Cristo Rey: a Fantastic Idea for Low-Income Catholic Schooling

So this is an especially edifying story I stumbled upon yesterday. A young woman at my work (at a Kansas City-based law firm, although I work out of the D.C. branch) was recently honored for some award due to her being a Cristo Rey student holding down a serious job at the same time.

This got me researching into Cristo Rey. I was dimly aware that they’d opened a new Cristo Rey High School in Kansas City about 3 years ago, but I was long since graduated from high school, and not around the City as much as I was used to (or would have liked). Anyways, it’s a great concept.

One of the biggest problems which students from low-income areas have in trying to “fit in” with business-class types is that there are hundreds of little things which you never really learn in school: how firmly to shake hands, what to wear to an interview, how to speak to executives, which fork to use, what are okay and not okay topics of conversation, etc. Cristo Rey sets out to solve that, in a unique program. It’s like low-income vocational school… for really sought-after vocations.

Here’s an exerpt from a pretty good write-up George Will did on these schools in the Washington Post:

The school exists to nurture a culture of achievement for children with no other option for college preparation, including those who in public schools might be diverted onto a vocational track. It is not skimming off the cream of the crop of local students; it rejects any who can get accepted by, and afford, other Catholic schools. Some especially promising students are directed to Catholic schools that offer scholarships. Which makes CRJHS’s college placement rate especially remarkable: In the past seven years, 99 percent of graduates have been accepted by at least one college, 75 percent of them four-year institutions.

CRJHS can have its work program, its entirely college preparatory courses (“the old, dead white man’s curriculum,” says an English teacher cheerfully), its zero tolerance of disorder (from gang symbols down to chewing gum), its enforcement of decorum (couples dancing suggestively are told to “leave some space there for the Holy Spirit”) and its requirement that every family pay something, if only as little as $25 a month. It can have all this because it is not shackled by bureaucracy or unions, as public schools are.

The “Cristo Rey model” is as American as another Chicago-area startup, McDonald’s. And like McDonald’s, the first of which was in suburban Des Plaines, the model is being replicated. The Cristo Rey Network now has 22 schools around the country, with four more coming by 2010.
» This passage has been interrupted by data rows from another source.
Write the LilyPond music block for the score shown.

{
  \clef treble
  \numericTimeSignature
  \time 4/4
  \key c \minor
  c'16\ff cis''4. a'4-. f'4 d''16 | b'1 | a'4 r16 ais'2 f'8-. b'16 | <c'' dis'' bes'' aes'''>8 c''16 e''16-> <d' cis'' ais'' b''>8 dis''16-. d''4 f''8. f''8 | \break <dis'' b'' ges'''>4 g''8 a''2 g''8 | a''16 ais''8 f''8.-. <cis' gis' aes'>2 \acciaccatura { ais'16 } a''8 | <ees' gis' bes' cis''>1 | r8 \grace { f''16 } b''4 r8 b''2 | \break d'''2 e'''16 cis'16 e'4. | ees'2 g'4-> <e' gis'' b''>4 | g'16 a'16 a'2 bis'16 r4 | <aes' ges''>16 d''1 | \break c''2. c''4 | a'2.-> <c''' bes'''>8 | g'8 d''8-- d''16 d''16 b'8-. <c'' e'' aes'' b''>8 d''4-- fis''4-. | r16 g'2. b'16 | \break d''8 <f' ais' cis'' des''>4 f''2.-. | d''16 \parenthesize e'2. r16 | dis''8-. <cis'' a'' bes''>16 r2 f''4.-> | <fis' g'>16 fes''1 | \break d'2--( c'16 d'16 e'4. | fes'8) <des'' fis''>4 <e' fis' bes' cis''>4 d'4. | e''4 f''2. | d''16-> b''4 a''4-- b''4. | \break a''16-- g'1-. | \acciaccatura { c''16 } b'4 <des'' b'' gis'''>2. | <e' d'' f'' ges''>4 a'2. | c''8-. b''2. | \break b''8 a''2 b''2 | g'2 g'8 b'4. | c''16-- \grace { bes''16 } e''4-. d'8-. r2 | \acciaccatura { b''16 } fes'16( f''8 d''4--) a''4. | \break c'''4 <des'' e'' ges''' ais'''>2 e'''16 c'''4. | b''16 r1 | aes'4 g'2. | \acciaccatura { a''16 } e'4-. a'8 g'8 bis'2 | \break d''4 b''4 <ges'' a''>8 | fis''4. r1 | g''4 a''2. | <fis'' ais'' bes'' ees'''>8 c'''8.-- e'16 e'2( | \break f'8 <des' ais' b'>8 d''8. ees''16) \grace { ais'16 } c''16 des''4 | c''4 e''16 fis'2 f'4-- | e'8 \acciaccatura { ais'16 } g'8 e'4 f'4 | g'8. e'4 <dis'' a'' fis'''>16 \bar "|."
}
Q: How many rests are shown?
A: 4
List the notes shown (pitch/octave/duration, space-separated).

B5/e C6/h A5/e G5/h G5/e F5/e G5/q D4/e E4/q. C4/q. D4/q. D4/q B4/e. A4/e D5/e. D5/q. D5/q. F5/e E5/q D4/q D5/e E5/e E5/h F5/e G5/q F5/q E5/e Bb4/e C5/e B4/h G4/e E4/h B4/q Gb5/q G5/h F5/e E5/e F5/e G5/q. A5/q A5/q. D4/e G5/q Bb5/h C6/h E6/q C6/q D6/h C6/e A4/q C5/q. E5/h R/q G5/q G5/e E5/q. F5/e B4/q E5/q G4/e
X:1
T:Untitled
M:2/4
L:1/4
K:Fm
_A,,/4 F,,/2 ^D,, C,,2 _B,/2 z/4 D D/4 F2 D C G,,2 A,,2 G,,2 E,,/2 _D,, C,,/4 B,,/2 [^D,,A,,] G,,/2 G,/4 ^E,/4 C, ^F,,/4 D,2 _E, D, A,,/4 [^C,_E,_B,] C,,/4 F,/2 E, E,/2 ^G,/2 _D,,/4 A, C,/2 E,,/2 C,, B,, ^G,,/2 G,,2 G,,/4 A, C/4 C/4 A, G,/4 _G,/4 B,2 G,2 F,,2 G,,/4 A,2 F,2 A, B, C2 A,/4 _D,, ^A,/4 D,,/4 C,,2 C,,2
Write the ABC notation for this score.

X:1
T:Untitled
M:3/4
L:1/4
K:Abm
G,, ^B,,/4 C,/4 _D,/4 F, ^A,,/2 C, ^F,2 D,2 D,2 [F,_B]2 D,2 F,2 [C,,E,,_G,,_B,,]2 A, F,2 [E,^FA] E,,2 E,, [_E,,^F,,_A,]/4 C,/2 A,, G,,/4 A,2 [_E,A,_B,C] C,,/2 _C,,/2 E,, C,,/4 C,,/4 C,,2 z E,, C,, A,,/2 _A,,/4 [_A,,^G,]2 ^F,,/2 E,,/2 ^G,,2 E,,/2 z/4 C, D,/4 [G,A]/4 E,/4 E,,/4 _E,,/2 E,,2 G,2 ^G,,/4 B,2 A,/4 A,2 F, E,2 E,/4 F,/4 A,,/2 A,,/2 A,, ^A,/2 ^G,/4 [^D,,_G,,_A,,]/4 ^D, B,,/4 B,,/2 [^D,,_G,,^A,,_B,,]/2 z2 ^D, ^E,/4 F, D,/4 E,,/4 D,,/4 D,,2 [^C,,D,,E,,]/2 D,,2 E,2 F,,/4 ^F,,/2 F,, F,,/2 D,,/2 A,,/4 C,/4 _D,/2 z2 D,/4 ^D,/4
It’s hard for me to see how even the anti-voucher crowd could oppose this. What a fantastic opportunity! The dress code at Cristo Rey is strict but affordable. Rather than having uniforms you have to purchase (like most Catholic schools), Cristo Rey’s dress code basically consists of “work-appropriate clothes.” Here’s the code for young men and young women. Some highlights:

  • Young men must wear ties
  • Men: belts must be visible at all times.
  • Women: One earring per ear
  • A whole list of banned styles for both sexes, from sports logos to denim shirts to white socks for boys (I wish someone would have clued me in to this fashion detail during high school).

For young people who want to have a job in banking, law, and so forth, but who come from families which cannot provide them the top-name schools, Cristo Rey seems like the perfect option. The school describes itself as helping out society, because banks and firms are more than ever interested in employing a diverse base of clientelle with non-standard backstories.
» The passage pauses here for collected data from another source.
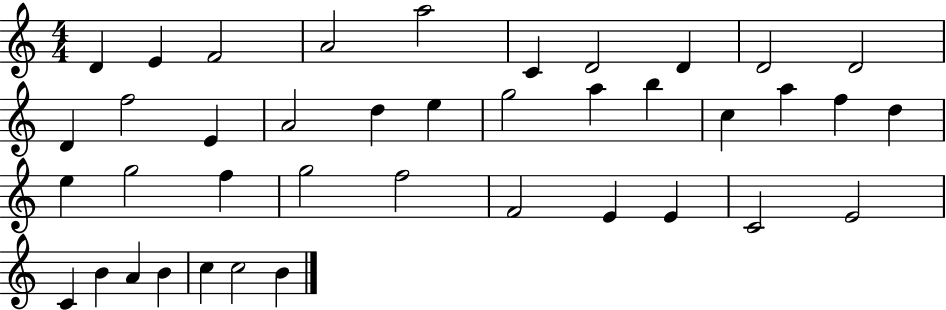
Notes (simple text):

D4/q E4/q F4/h A4/h A5/h C4/q D4/h D4/q D4/h D4/h D4/q F5/h E4/q A4/h D5/q E5/q G5/h A5/q B5/q C5/q A5/q F5/q D5/q E5/q G5/h F5/q G5/h F5/h F4/h E4/q E4/q C4/h E4/h C4/q B4/q A4/q B4/q C5/q C5/h B4/q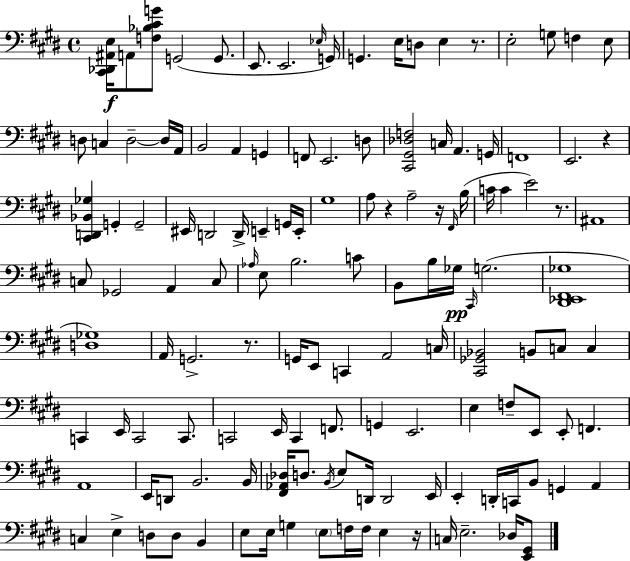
{
  \clef bass
  \time 4/4
  \defaultTimeSignature
  \key e \major
  \repeat volta 2 { <cis, des, ais, e>16\f a,8 <f bes cis' g'>8 g,2( g,8. | e,8. e,2. \grace { ees16 } | g,16) g,4. e16 d8 e4 r8. | e2-. g8 f4 e8 | \break d8 c4 d2--~~ d16 | a,16 b,2 a,4 g,4 | f,8 e,2. d8 | <cis, gis, des f>2 c16 a,4. | \break g,16 f,1 | e,2. r4 | <cis, d, bes, ges>4 g,4-. g,2-- | eis,16 d,2 d,16-> e,4-- g,16 | \break e,16-. gis1 | a8 r4 a2-- r16 | \grace { fis,16 }( b16 c'16 c'4 e'2) r8. | ais,1 | \break c8 ges,2 a,4 | c8 \grace { aes16 } e8 b2. | c'8 b,8 b16 ges16\pp \grace { cis,16 }( g2. | <dis, ees, fis, ges>1 | \break <d ges>1) | a,16 g,2.-> | r8. g,16 e,8 c,4 a,2 | c16 <cis, ges, bes,>2 b,8 c8 | \break c4 c,4 e,16 c,2 | c,8. c,2 e,16 c,4 | f,8. g,4 e,2. | e4 f8-- e,8 e,8-. f,4. | \break a,1 | e,16 d,8 b,2. | b,16 <fis, aes, des>16 d8. \acciaccatura { b,16 } e8 d,16 d,2 | e,16 e,4-. d,16-. c,16 b,8 g,4 | \break a,4 c4 e4-> d8 d8 | b,4 e8 e16 g4 \parenthesize e8 f16 f16 | e4 r16 c16 e2.-- | des16 <e, gis,>8 } \bar "|."
}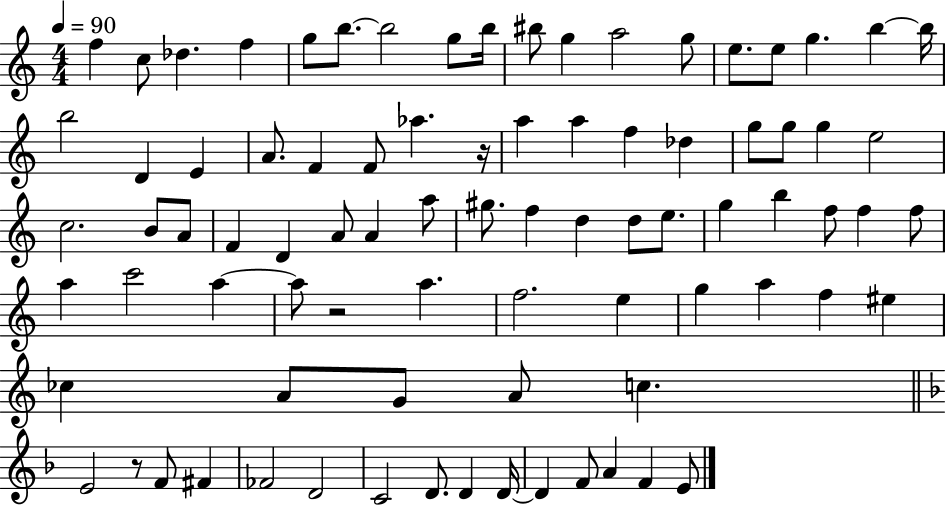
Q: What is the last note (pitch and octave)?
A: E4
As for the work program which the George Will article referenced, it seems pretty impressive: my firm employs a Cristo Rey student, as does Georgetown (there’s also a Chicago Cristo Rey grad attending), and seemingly everywhere else I look.

Oh yeah, and the school charges parents monthly tuition, ranging from $500 to $2500 a year, depending on family need. For high school tuition, it’s really not bad, and the idea of tuition is to make sure that parents are involved (if they’re paying a good chunk of change, they’re going to be more likely to make sure that their kids work hard).

As someone who came from a working-class background, and has had so many doors opened in education because of scholarships, I have to say that my heart is really with these kids. A lot of them have it a lot worse than I ever had it: my family is all well educated, so I was speaking like a nerd before my first day of kindergarten, and I grew up speaking English, which is a huge benefit. If you want to donate to the Cristo Rey School system (and they seem like they can really use help), click here! And God bless you for it! If you can’t afford a financial donation (and even if you can), offer up some special prayers, that these young people get a quality Catholic education at the same time they’re getting ahead in business.